Predicting Current and Future Concentrations of Biogenic Aerosol Precursors Using Machine Learning and Detailed Chemical Modeling

SINA TAYYEBI NIA, Nazifa Sayeed, Namrata Shanmukh Panji, Chenyang Bi, Gabriel Isaacman-VanWertz, Virginia Tech

     Abstract Number: 582
     Working Group: Advancing Aerosol Science through Data Analysis Tools

Abstract
Natural biogenic and anthropogenic sources continuously emit reactive volatile organic compounds (VOCs) into the atmosphere, where they undergo oxidation to form oxygenated VOCs and secondary organic aerosol (SOA). Quantifying their concentration and chemical composition is crucial for constraining the formation pathways and loadings of secondary aerosols. Using ~5 years of in-canopy concentration measurements from a tower at a mixed-forest site in central Virginia, we examine discrepancies between modeled emissions and real-world observations of concentrations. We apply machine-learning approaches (Random Forest, feature importance) (i) uncover seasonal and regime-specific patterns in the measurement record, (ii) train predictive models for individual biogenic VOC species, and (iii) identify specific environmental drivers that current emissions models may not fully capture.
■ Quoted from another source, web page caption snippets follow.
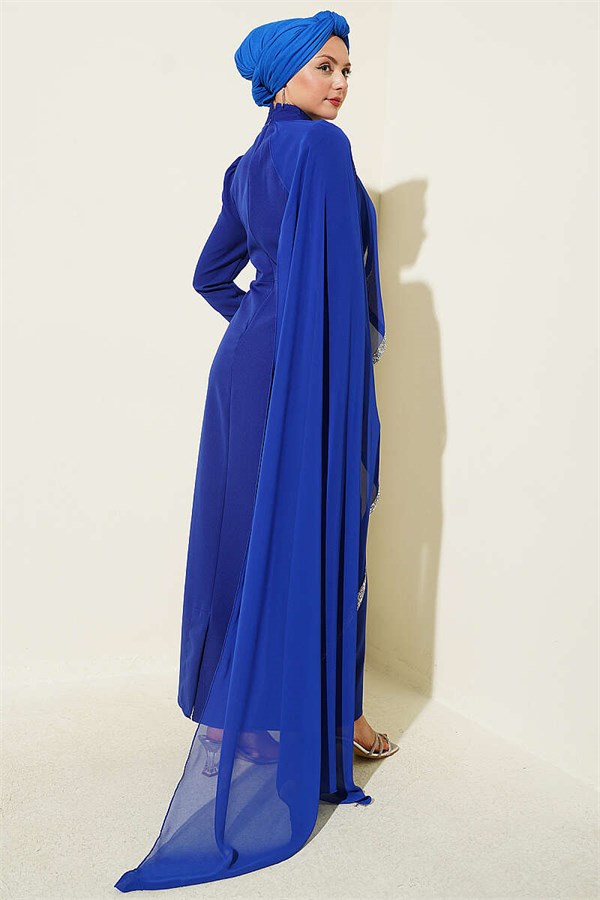 Stone Embellished Tulle Cape Evening Dress in Saks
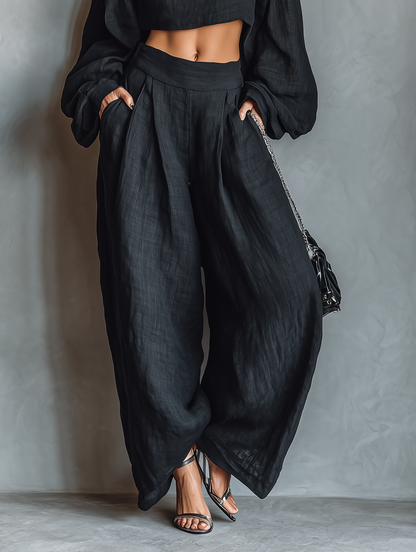 Tessy -- Off-shoulder set met wijde broek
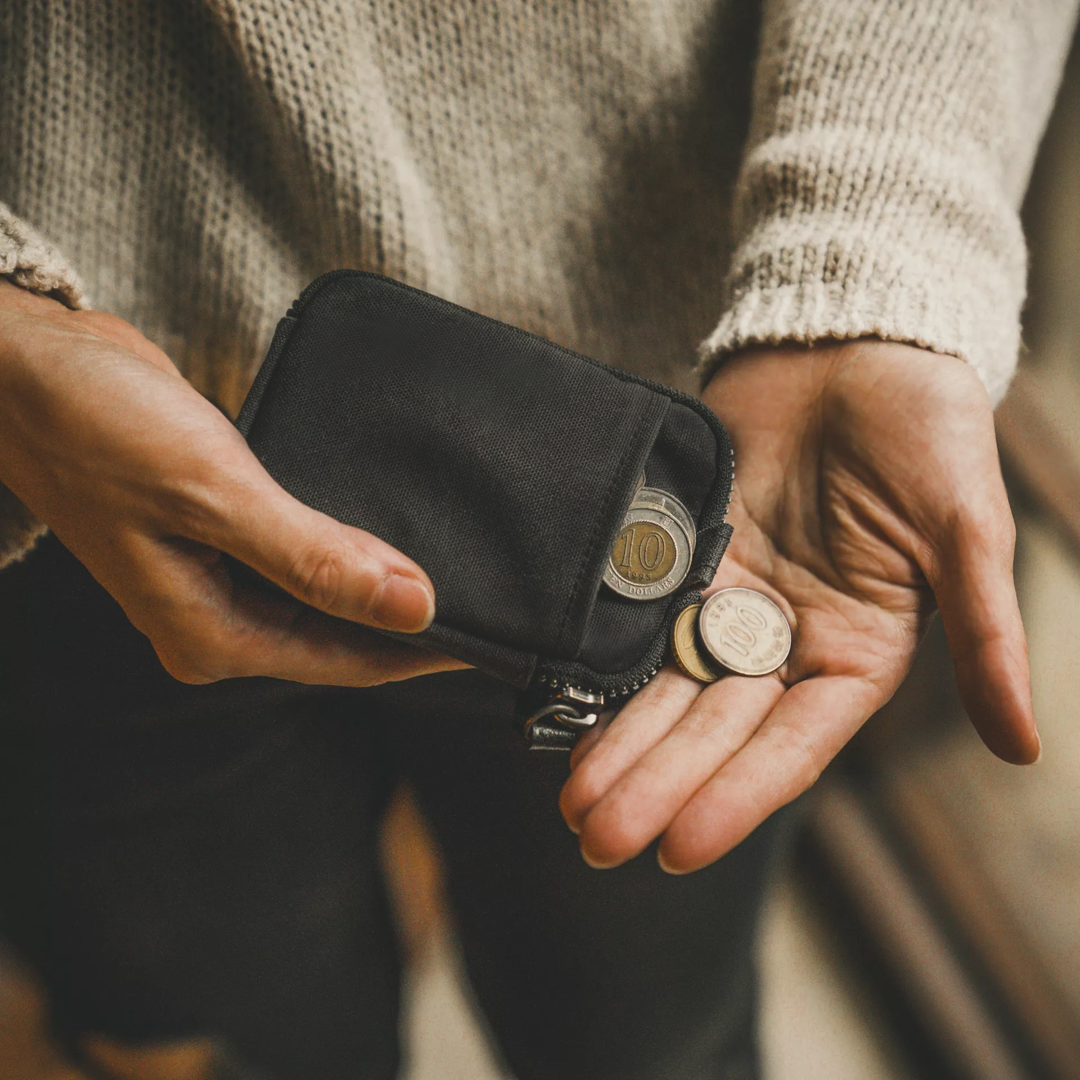 Wotancraft Nylon + Leather Essential Wallet - Black Canvas / Black Accent - Lifestyle Image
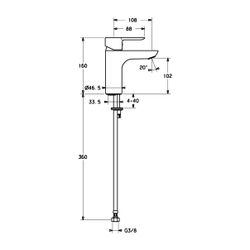 Hansa Ligna Einhebelmischer Waschtischbatterie 0608 Ausladung 108mm DN15 Chrom... HANSA-06082203 4015474248076 (Abb. 1)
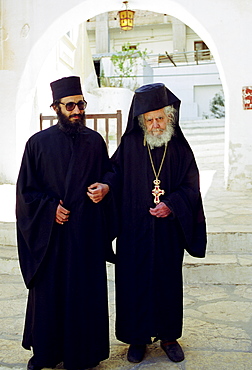 Orthodox monks at St Catherine's Monastery in Sinai Desert in Egypt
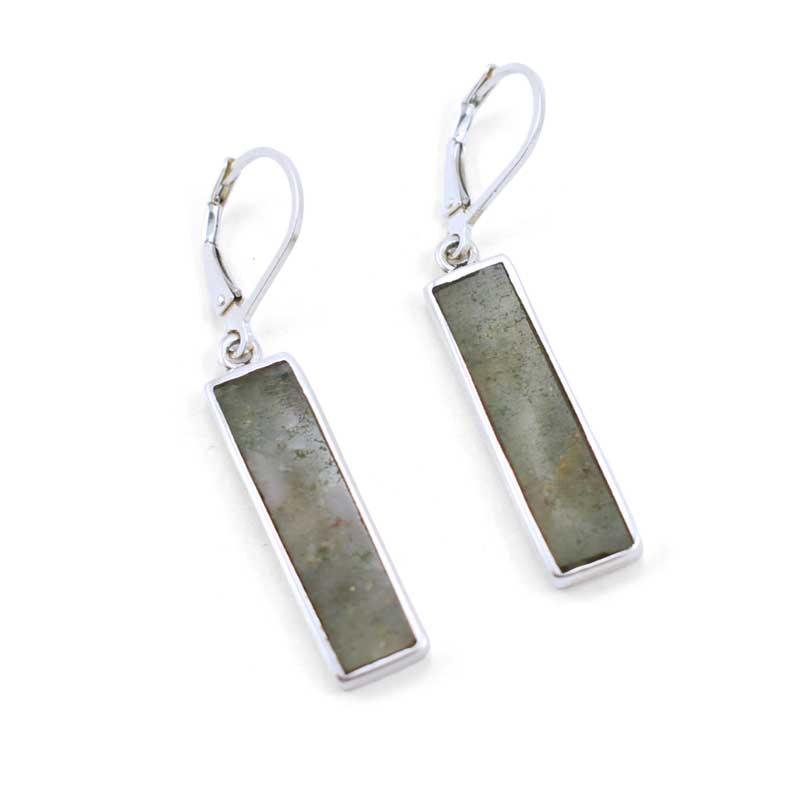 Green Aventurine Long Rectangle Earrings - Sterling Silver Gemstone Inlay Dangle Earrings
Perhaps unsurprisingly, with sufficient training data, machine-learning models outperform these conventional mechanistic approaches in predicting VOC concentrations; we use this model to examine the ability to predict future periods beyond the training data set and examine differences between mechanistic and machine-learning models. Permutation and feature importance analyses reveal that the variables explaining VOC variability in our measurements are not entirely captured by conventional emissions and chemistry models (e.g., the importance of humidity and soil parameters is higher than expected for certain VOCs). To understand the impacts of these discrepancies on aerosol formation, we are implementing the SAPRC MechGen mechanism generator in an automated way into a 0-d dimensional box model alongside dry- and wet-deposition modules to include a far larger array of chemical pathways and aerosol precursors than previously possible. This addition improves detailed modeling of the impacts of changes in emissions and will enable studies of future emission scenarios, as well as the impact of meteorology on multi-generational chemistry.